#### Stored items
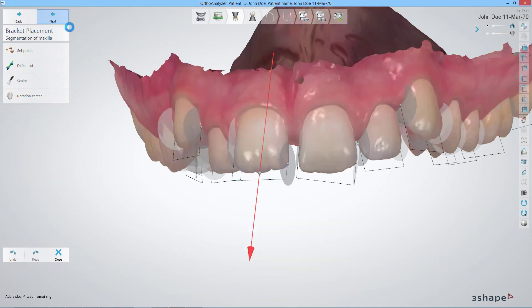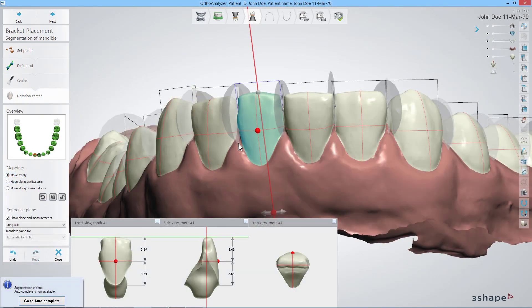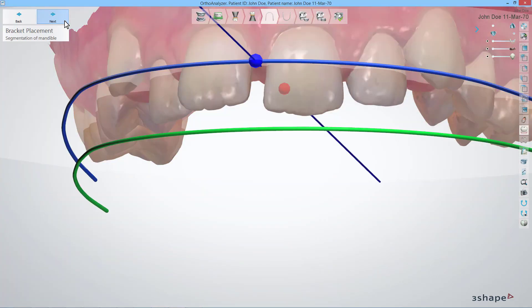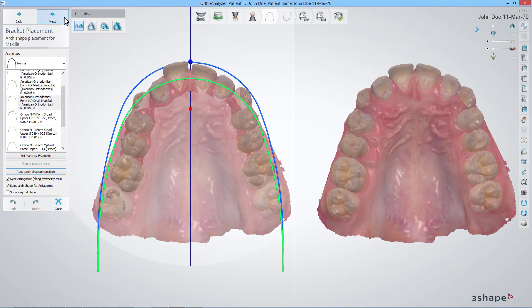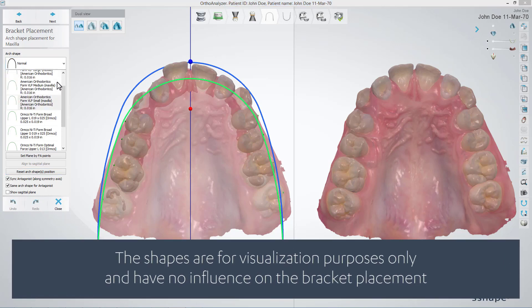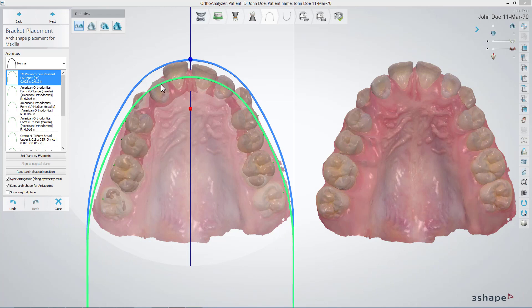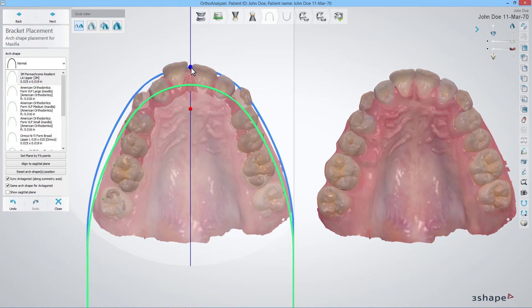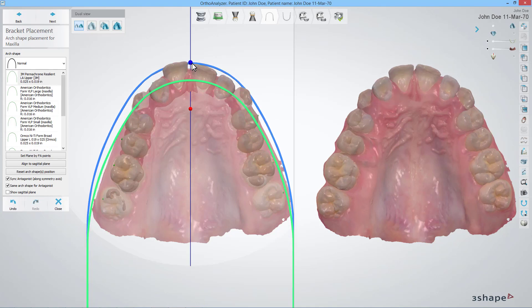If you've chosen to put brackets on both jaws, now you must repeat the same segmentation workflow for the antagonist. In this step, you will select the arch shape for the specific jaw. Click to select the right shape from the drop-down list, then select the specific arch. The blue arch in the left view represents this specific arch. The green one is the antagonist, shown just for visualization. Hold and move the blue control point to move the blue arch, and see the outcome in the right view.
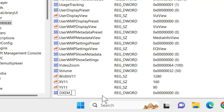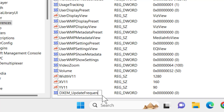You need to type a minus symbol. Then create additional registry values including 'UpdateDXEM' and 'UpdateFrequency' under the Media Player Preferences key.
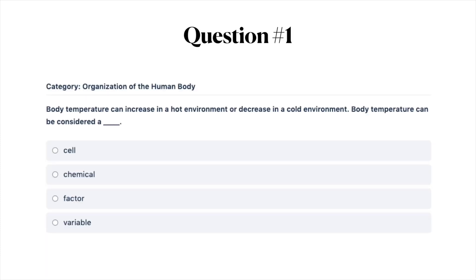First question: body temperature can increase in a hot environment or decrease in a cold environment. Body temperature can be considered a: A, cell; B, chemical; C, factor; or D, variable. Go ahead and pause the video while you answer this question and then turn it back on when you're ready.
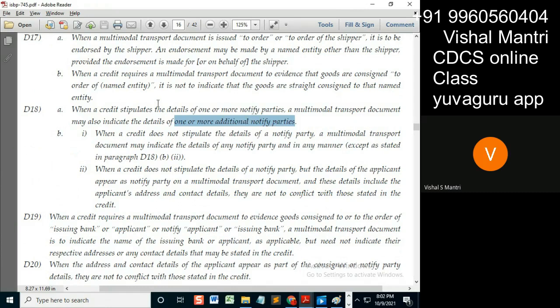Credit stipulates the details of one or more notified parties — means the credit states two notified parties. MTD may also indicate the details of one or more notified parties — means what are you doing, what is it stating?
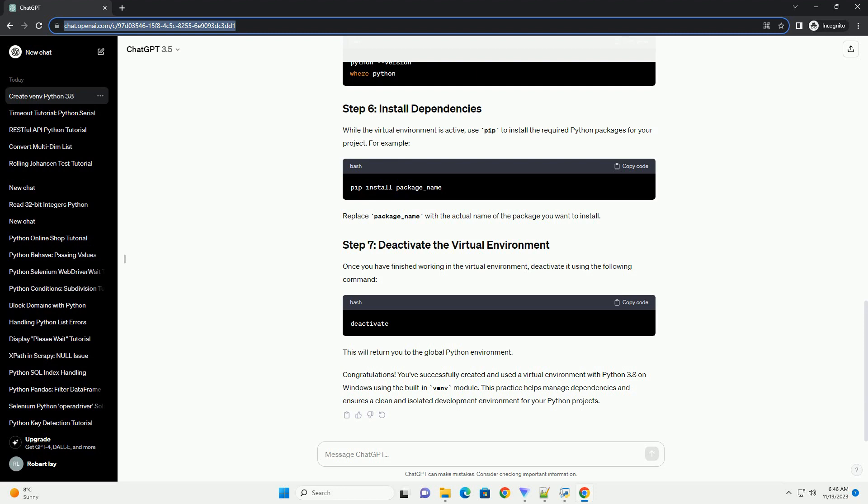To ensure that you are indeed using the virtual environment, check the Python version and the path to the Python interpreter. They should point to the virtual environment directory. While the virtual environment is active, use pip to install the required Python packages for your project.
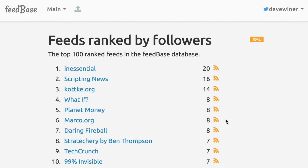Good morning everyone. It's Dave Weiner here. It is Tuesday, March 27, 2018. Today I want to show you how to upload an OPML file to Feedbase.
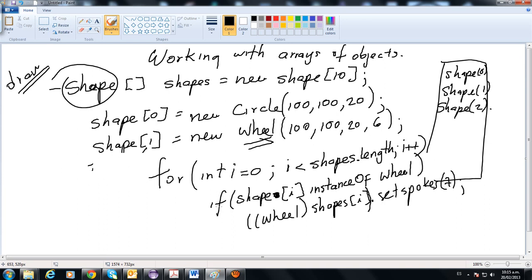You can create arrays of objects. The most general type of array is one whose element type is Object. This array is the most flexible we have seen — not only can we insert any object into an array of objects, but we can also replace any array of objects with another array of any reference type.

#### EXERCISE REQUIREMENTS
Leave the pictures out and output all of the data verbatim.

#### RESPONSE TO THE TASK
If you've chosen to put brackets on both jaws, now you must repeat the same segmentation workflow for the antagonist. In this step, you will select the arch shape for the specific jaw. Click to select the right shape from the drop-down list, then select the specific arch. The blue arch in the left view represents this specific arch. The green one is the antagonist, shown just for visualization. Hold and move the blue control point to move the blue arch, and see the outcome in the right view.
You need to type a minus symbol. Then create additional registry values including 'UpdateDXEM' and 'UpdateFrequency' under the Media Player Preferences key.
First question: body temperature can increase in a hot environment or decrease in a cold environment. Body temperature can be considered a: A, cell; B, chemical; C, factor; or D, variable. Go ahead and pause the video while you answer this question and then turn it back on when you're ready.
Credit stipulates the details of one or more notified parties — means the credit states two notified parties. MTD may also indicate the details of one or more notified parties — means what are you doing, what is it stating?
To ensure that you are indeed using the virtual environment, check the Python version and the path to the Python interpreter. They should point to the virtual environment directory. While the virtual environment is active, use pip to install the required Python packages for your project.
Good morning everyone. It's Dave Weiner here. It is Tuesday, March 27, 2018. Today I want to show you how to upload an OPML file to Feedbase.
You can create arrays of objects. The most general type of array is one whose element type is Object. This array is the most flexible we have seen — not only can we insert any object into an array of objects, but we can also replace any array of objects with another array of any reference type.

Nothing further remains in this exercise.